■ **DIRECTIONS FOR THIS TASK**
In the records below, repeat exactly the lines between the line holding "TẠI SAO NƯỚC" and the line holding "The Book of", inclusive, and drop the pictures.

DATA RECORDS START

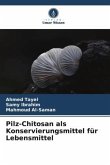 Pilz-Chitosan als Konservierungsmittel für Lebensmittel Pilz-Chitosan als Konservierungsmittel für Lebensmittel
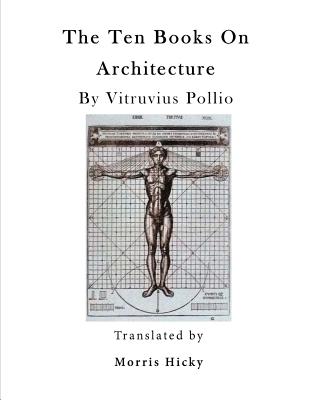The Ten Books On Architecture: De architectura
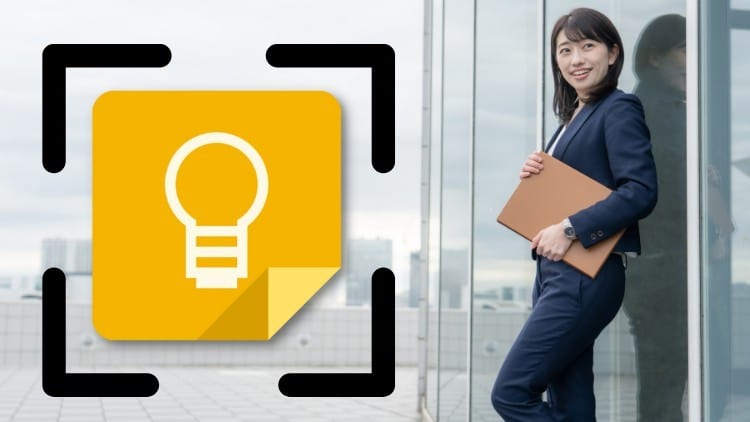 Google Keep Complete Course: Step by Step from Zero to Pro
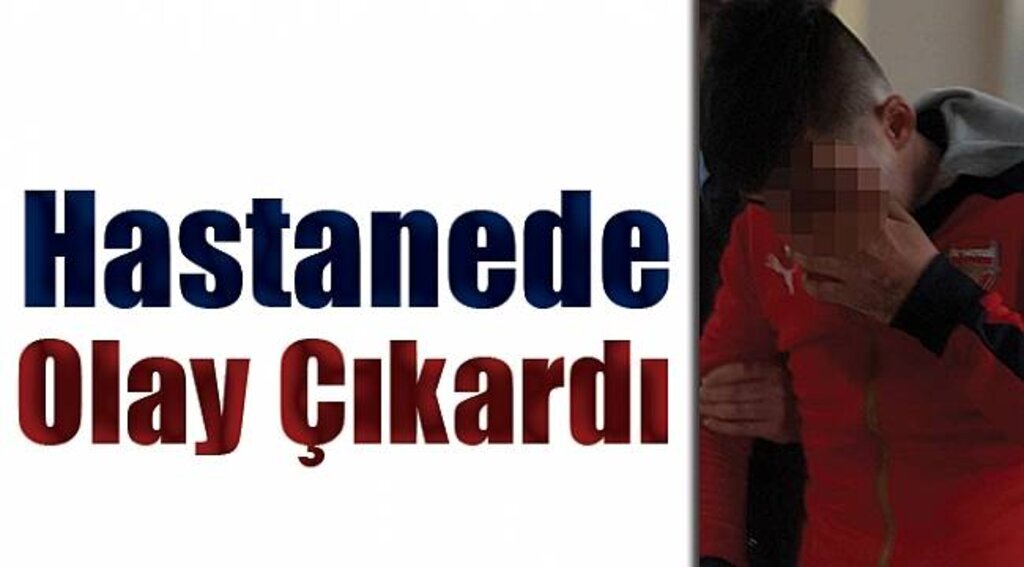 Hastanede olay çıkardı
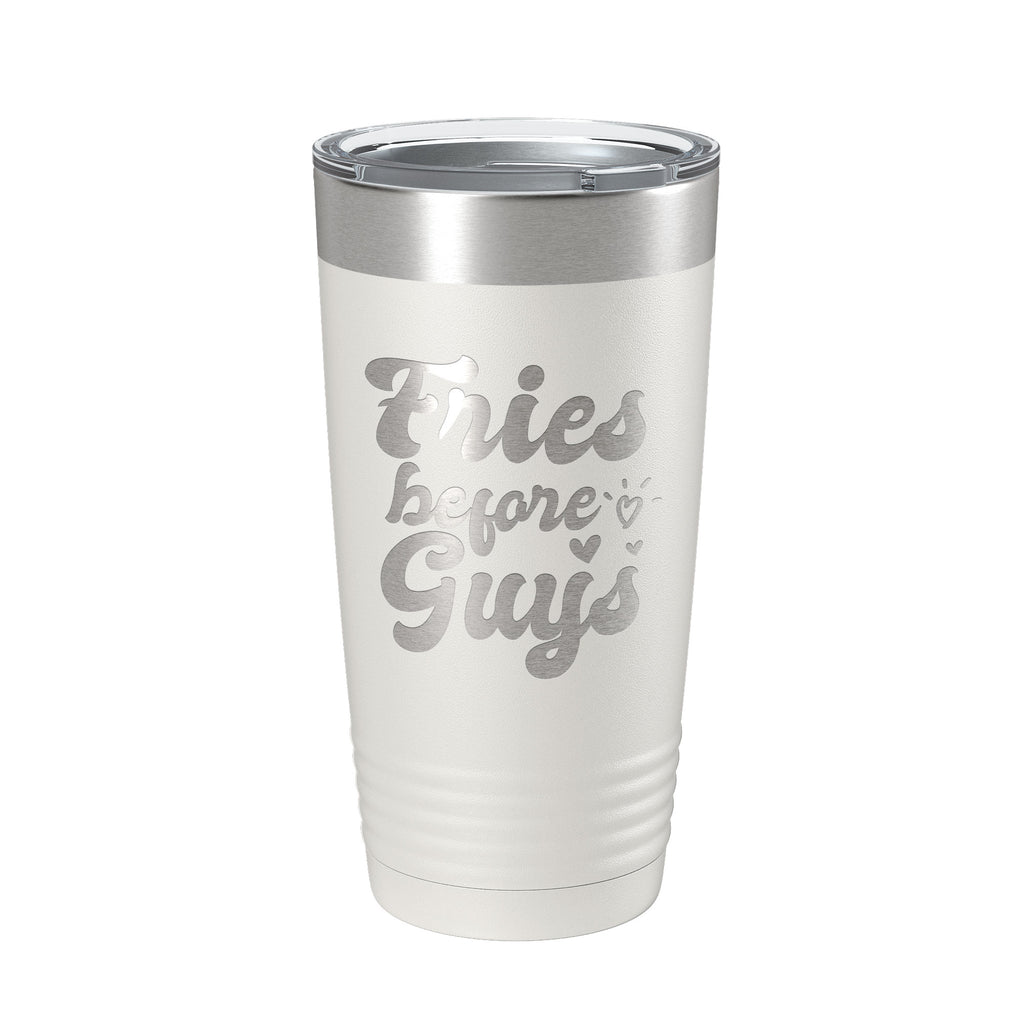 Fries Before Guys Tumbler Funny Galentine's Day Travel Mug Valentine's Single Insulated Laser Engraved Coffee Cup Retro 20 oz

DATA RECORDS END
DATA RECORDS START

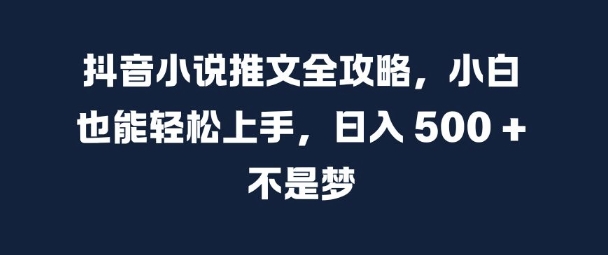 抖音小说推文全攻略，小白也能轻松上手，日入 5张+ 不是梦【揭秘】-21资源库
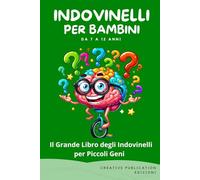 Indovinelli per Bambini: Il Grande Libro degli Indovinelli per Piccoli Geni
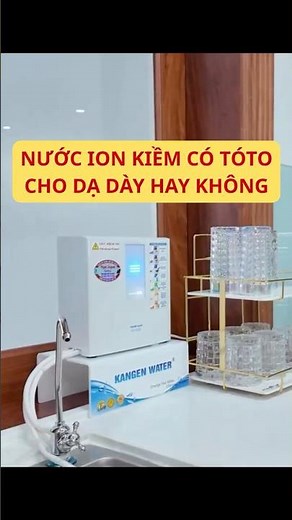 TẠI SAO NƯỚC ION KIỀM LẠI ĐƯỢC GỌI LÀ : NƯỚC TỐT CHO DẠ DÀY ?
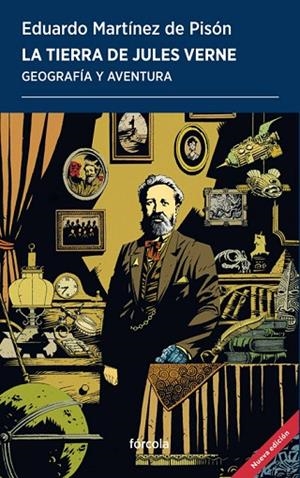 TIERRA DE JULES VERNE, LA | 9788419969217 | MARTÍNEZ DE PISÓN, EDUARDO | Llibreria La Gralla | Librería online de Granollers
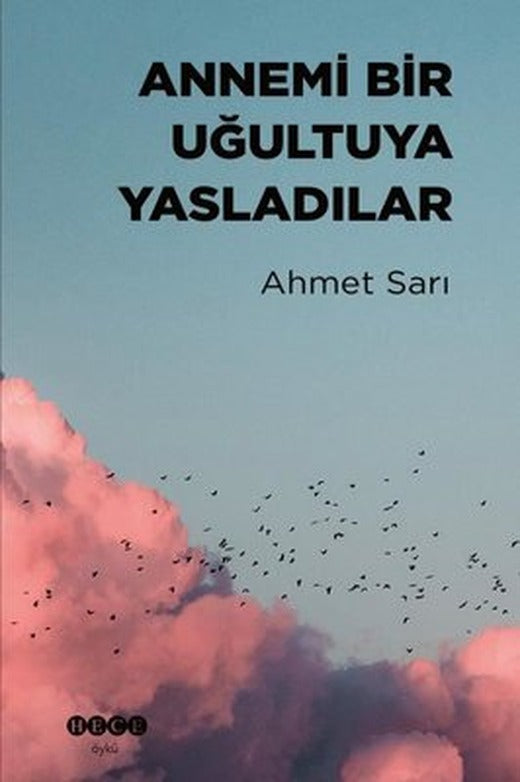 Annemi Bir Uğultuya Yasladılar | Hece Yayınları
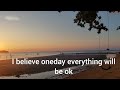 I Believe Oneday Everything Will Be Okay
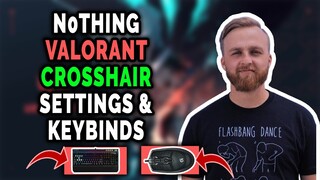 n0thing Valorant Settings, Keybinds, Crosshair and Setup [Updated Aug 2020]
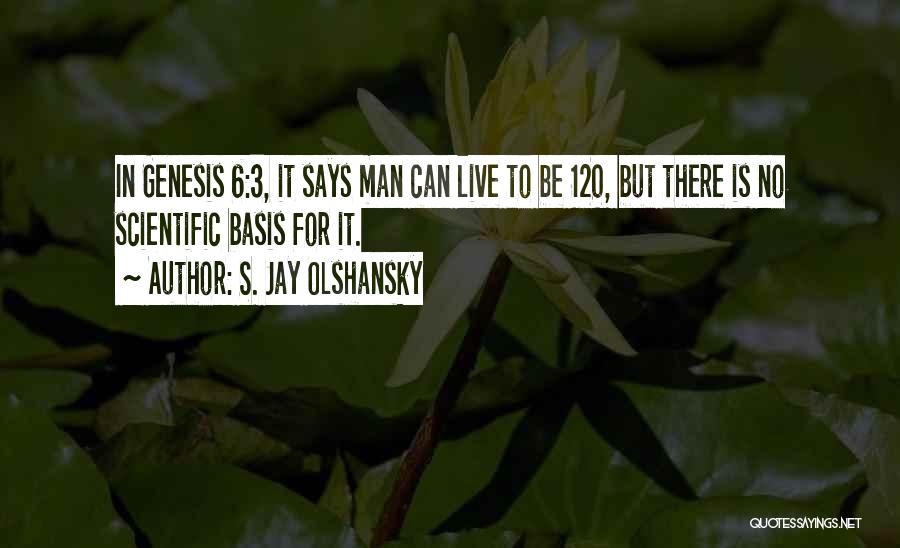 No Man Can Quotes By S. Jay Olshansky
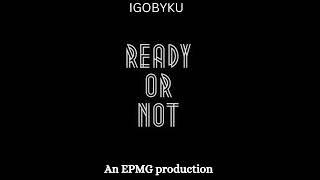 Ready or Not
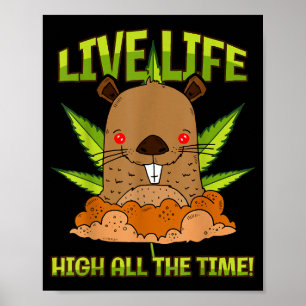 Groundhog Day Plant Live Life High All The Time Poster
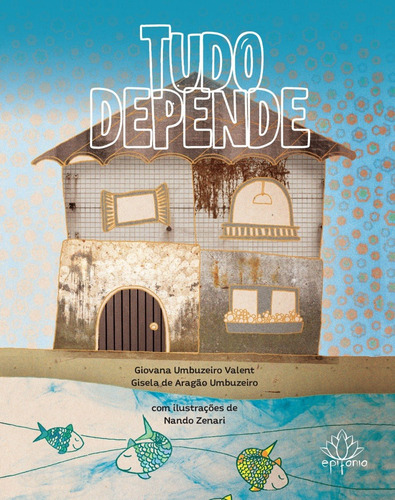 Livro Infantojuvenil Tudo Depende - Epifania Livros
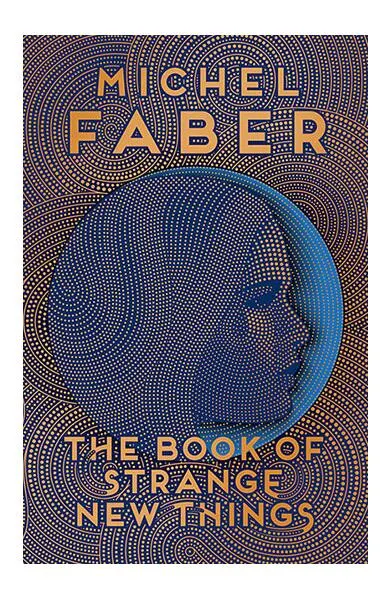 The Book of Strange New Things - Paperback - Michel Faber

DATA RECORDS END

■ **FINISHED TASK**
 TẠI SAO NƯỚC ION KIỀM LẠI ĐƯỢC GỌI LÀ : NƯỚC TỐT CHO DẠ DÀY ?
 TIERRA DE JULES VERNE, LA | 9788419969217 | MARTÍNEZ DE PISÓN, EDUARDO | Llibreria La Gralla | Librería online de Granollers
 Annemi Bir Uğultuya Yasladılar | Hece Yayınları
 I Believe Oneday Everything Will Be Okay
 n0thing Valorant Settings, Keybinds, Crosshair and Setup [Updated Aug 2020]
 No Man Can Quotes By S. Jay Olshansky
 Ready or Not
 Groundhog Day Plant Live Life High All The Time Poster
 Livro Infantojuvenil Tudo Depende - Epifania Livros
 The Book of Strange New Things - Paperback - Michel Faber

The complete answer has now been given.